- EXERCISE DIRECTIONS
Retype the data that follows line by line, exactly, and leave its pictures out.

- Pictures with short captions
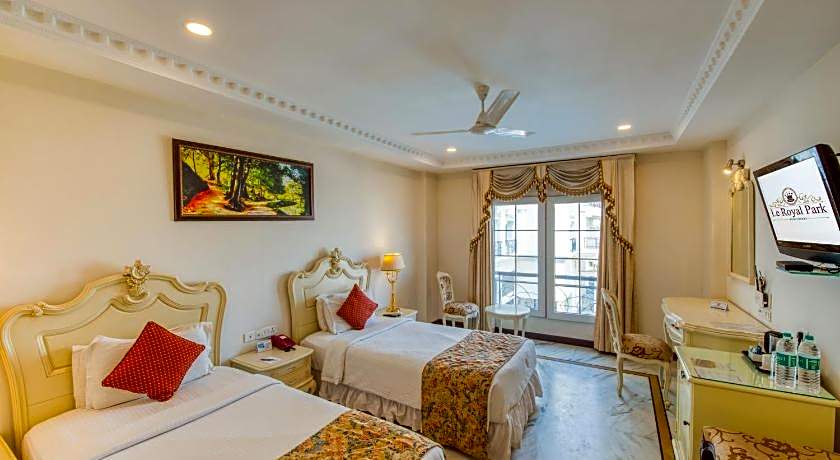 Hotel Le Royal Park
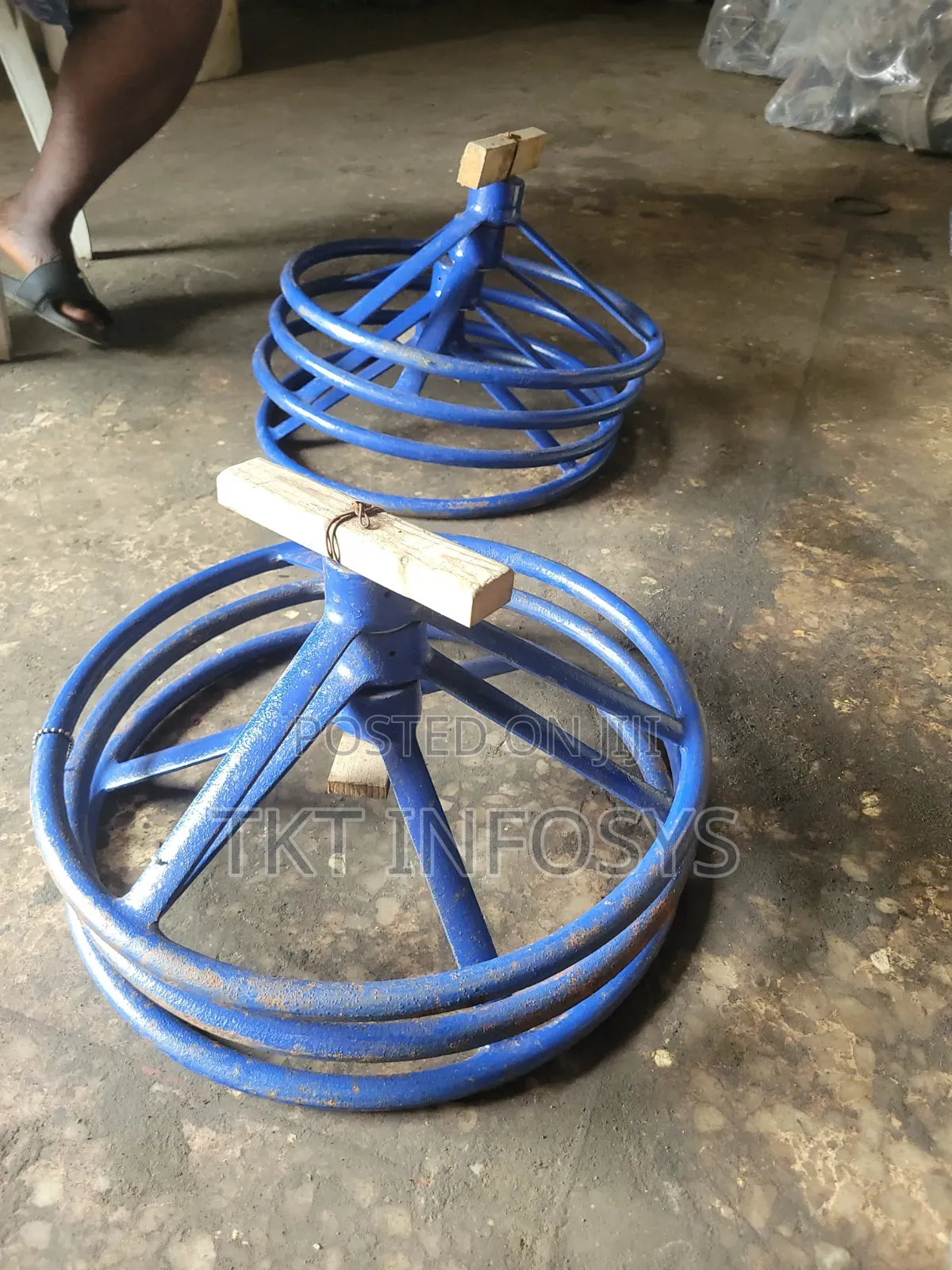 BUTTERFLY Valves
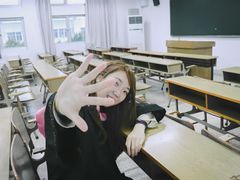 -南京师范大学仙林校区图书馆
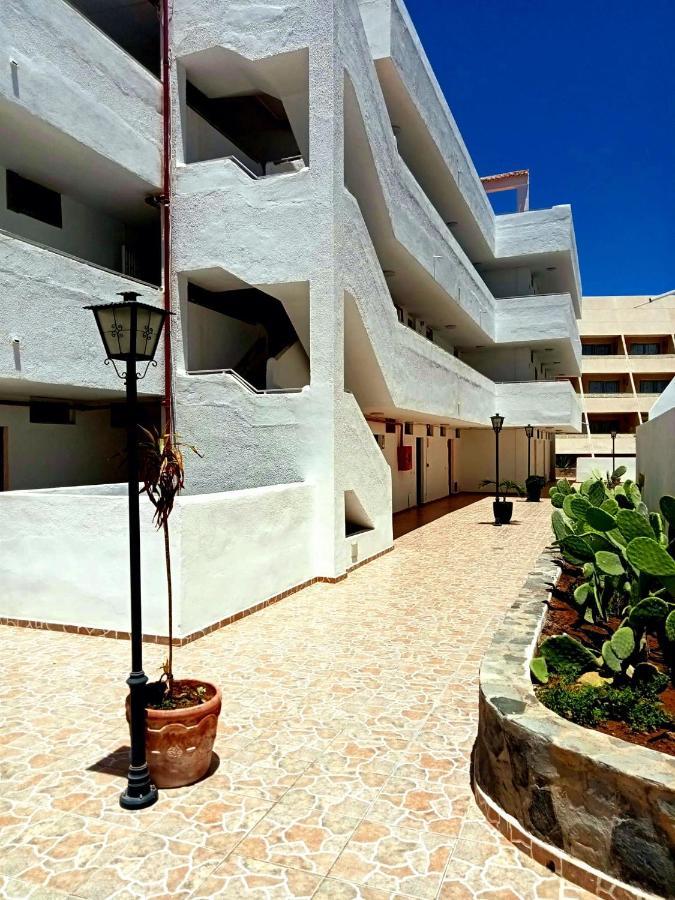 Parque Cattleya Tenerife Playa de las Americas  Exterior photo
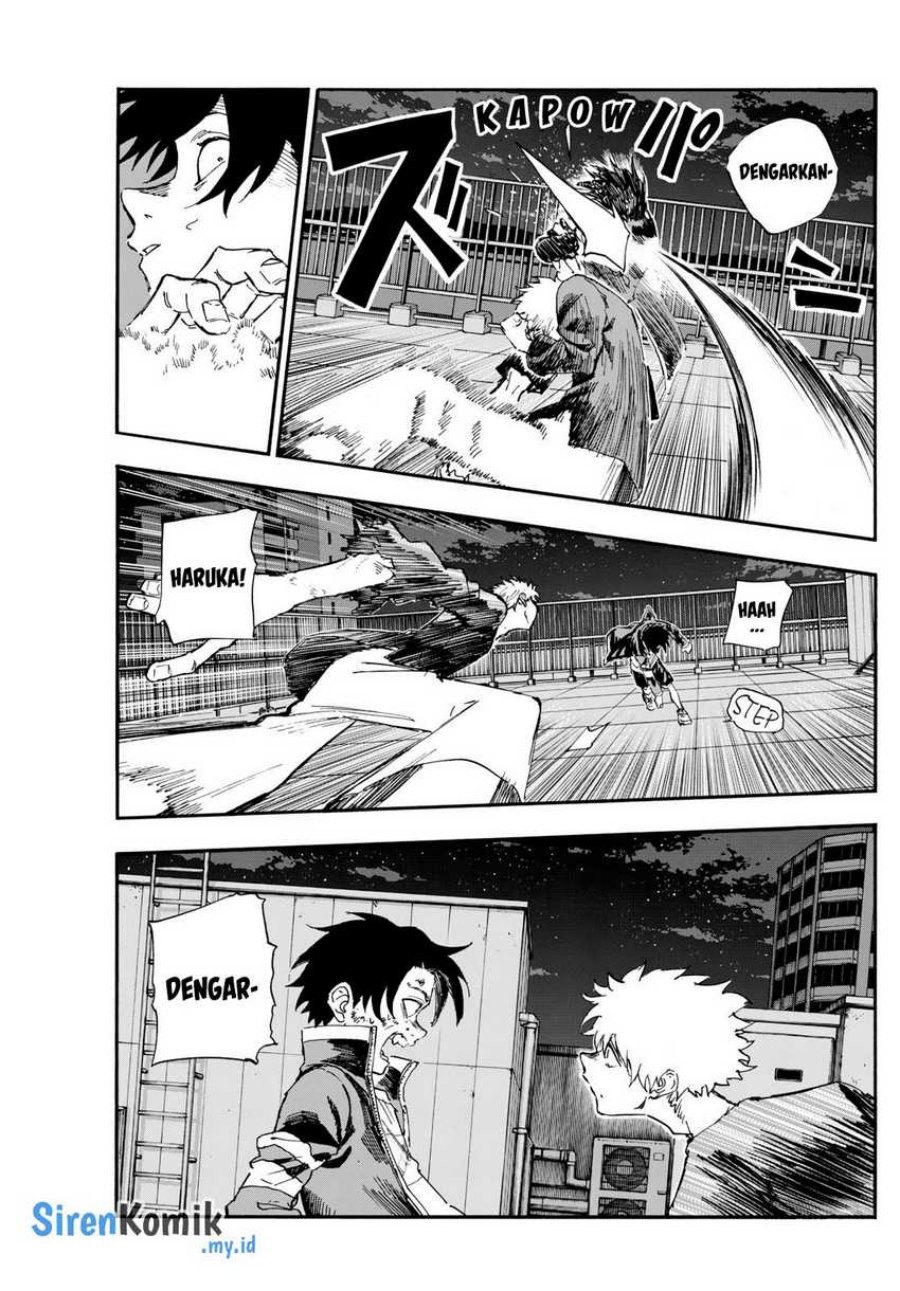 yofukashi-no-uta - Chapter: 192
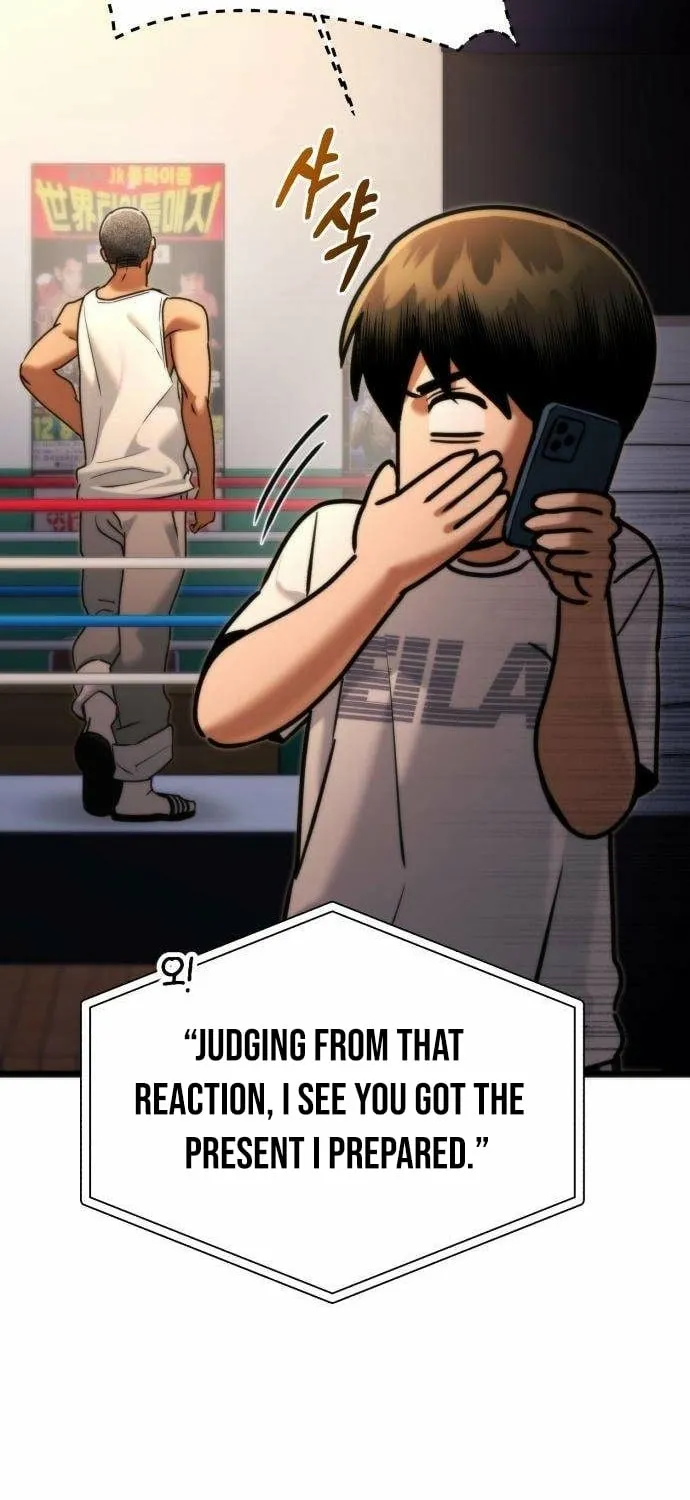 Read Self-Glorification chapter 13 image 44 on Lezhin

- EXERCISE OUTPUT
 Hotel Le Royal Park
 BUTTERFLY Valves
 -南京师范大学仙林校区图书馆
 Parque Cattleya Tenerife Playa de las Americas  Exterior photo
 yofukashi-no-uta - Chapter: 192
 Read Self-Glorification chapter 13 image 44 on Lezhin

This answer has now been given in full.